Maybe, but I'm dubious that the transparent bridge windows and its secondary bus resources are updated when siblings of the bridge are hotplugged. For example, if we add a new device next to the bridge, the new device's resources should be removed from the bridge and its secondary bus.
Yea, based on the headaches we have had with that code it is always good to be dubious about it. :) The code seems quite fragile and it has always seemed to me like the transparent bridge support was grafted on as kind of an afterthought. I wasn't trying to defend the code, just trying to tell you why I *think* it may work in the situation that you described. The hotplug slots on the systems I have been working on are located on secondary buses of siblingless transparent bridges so I have no way to actually test this assertion.
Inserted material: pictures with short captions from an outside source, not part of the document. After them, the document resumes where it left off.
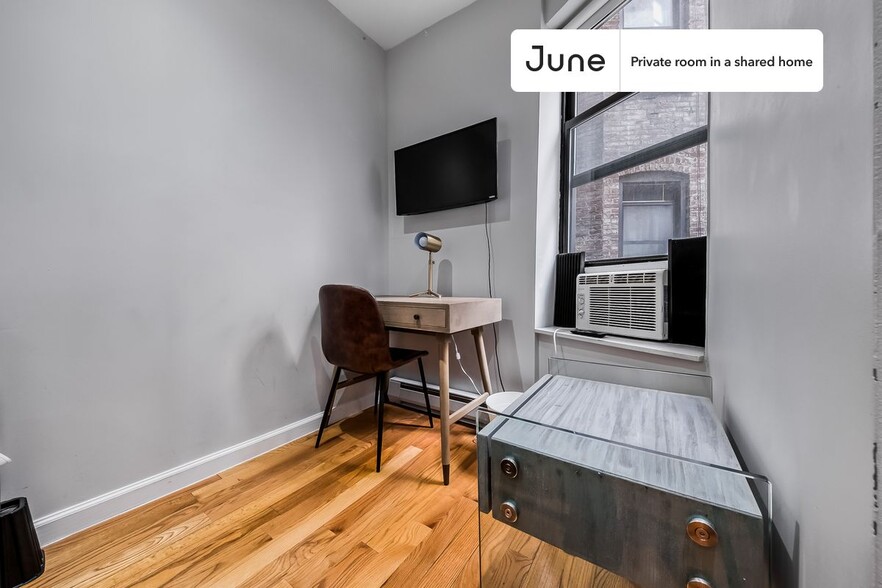 Building Photo - Private bedroom in 3 bed/1 bath Home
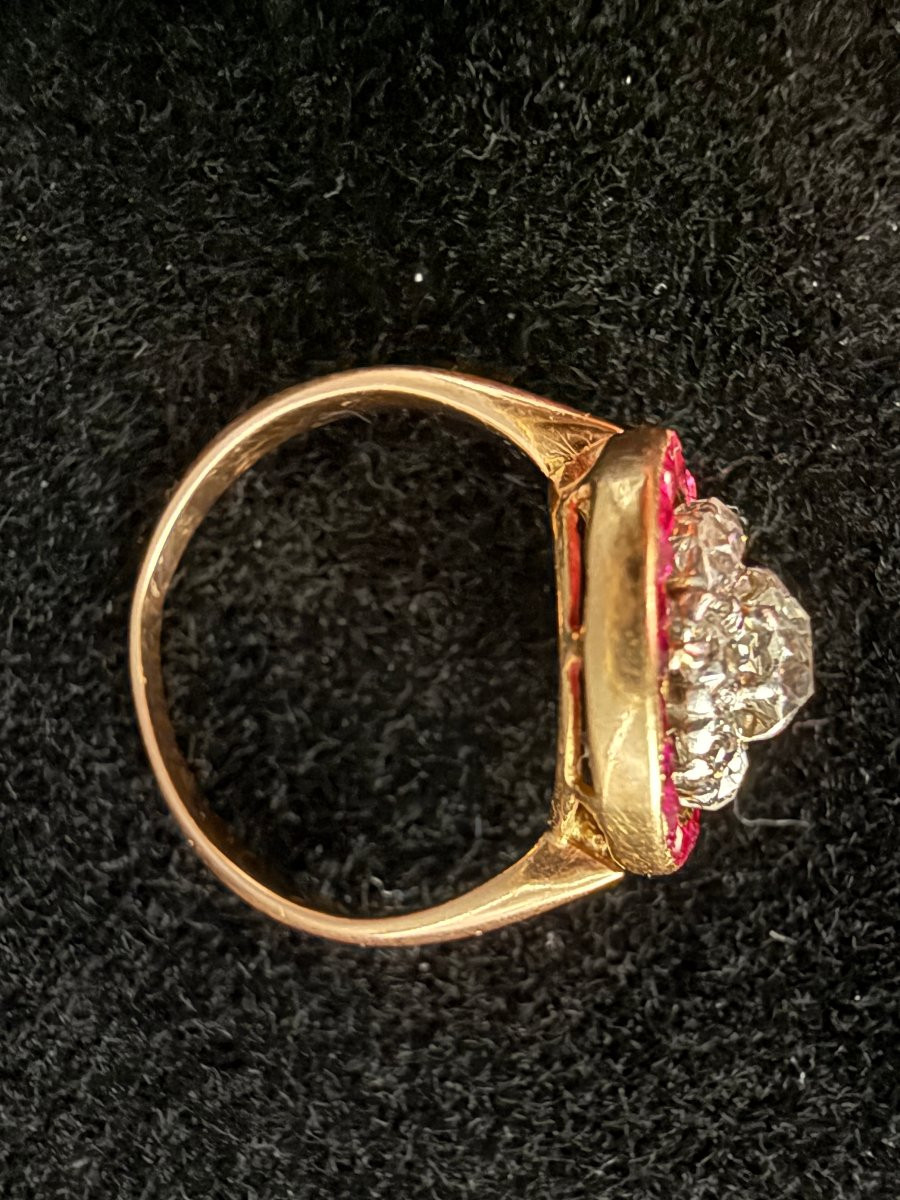 Antique Ring In 18k Yellow/pink Gold, Old-cut Diamonds And Calibrated Rubies - Approx 1 Carat-photo-3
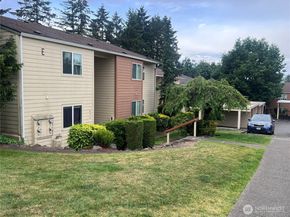 23629 112th Ave SE E202, Kent WA 98031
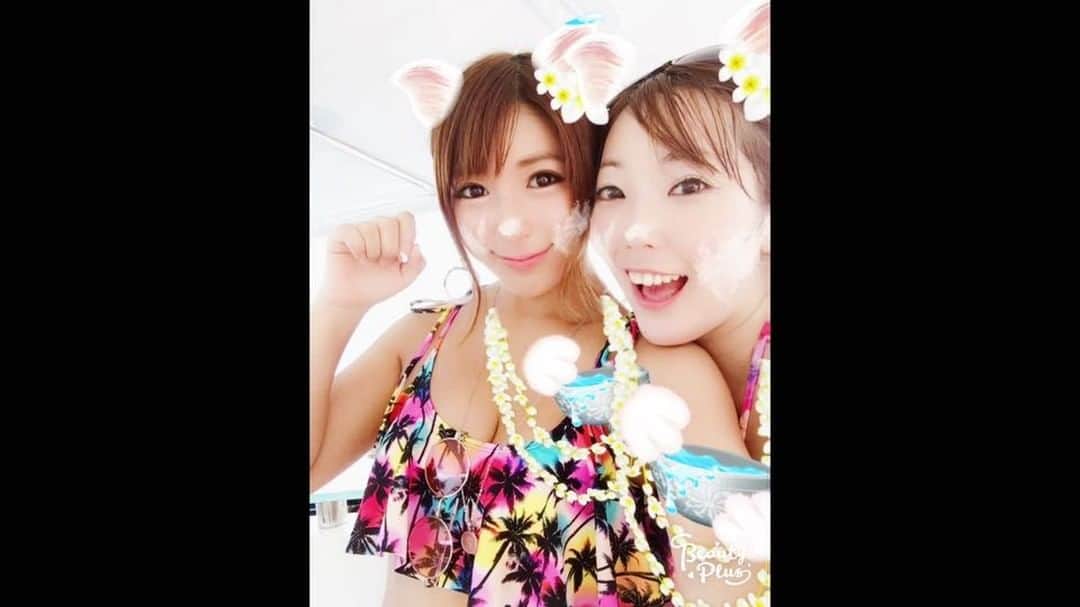星野ナミのインスタグラム：「😘 #chu #kiss #nami #sea #friday #fridayfeeling #cat #summer #movie #yolo #flashbackfriday #fbf #tgif #tgifriday #💋」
BTW, it seems like this concern should also apply to a topology where a transparent bridge w/sibling(s) is located on the secondary bus of a non-transparent/non-root bridge where a default pci=use_crs would not be a factor. I believe pci_read_bridge_bases() would copy all resources from the transparent bridge primary to secondary bus with this kind of structure as well.
Created attachment 23303 [details] possible fix Assuming that the non-response to http://lkml.org/lkml/2009/9/24/469 isn't an indication that the idea was stupid, here is a lightly tested patch that implements it. It at least provides some infrastructure that could possibly be used for the white/blacklisting that was being discussed.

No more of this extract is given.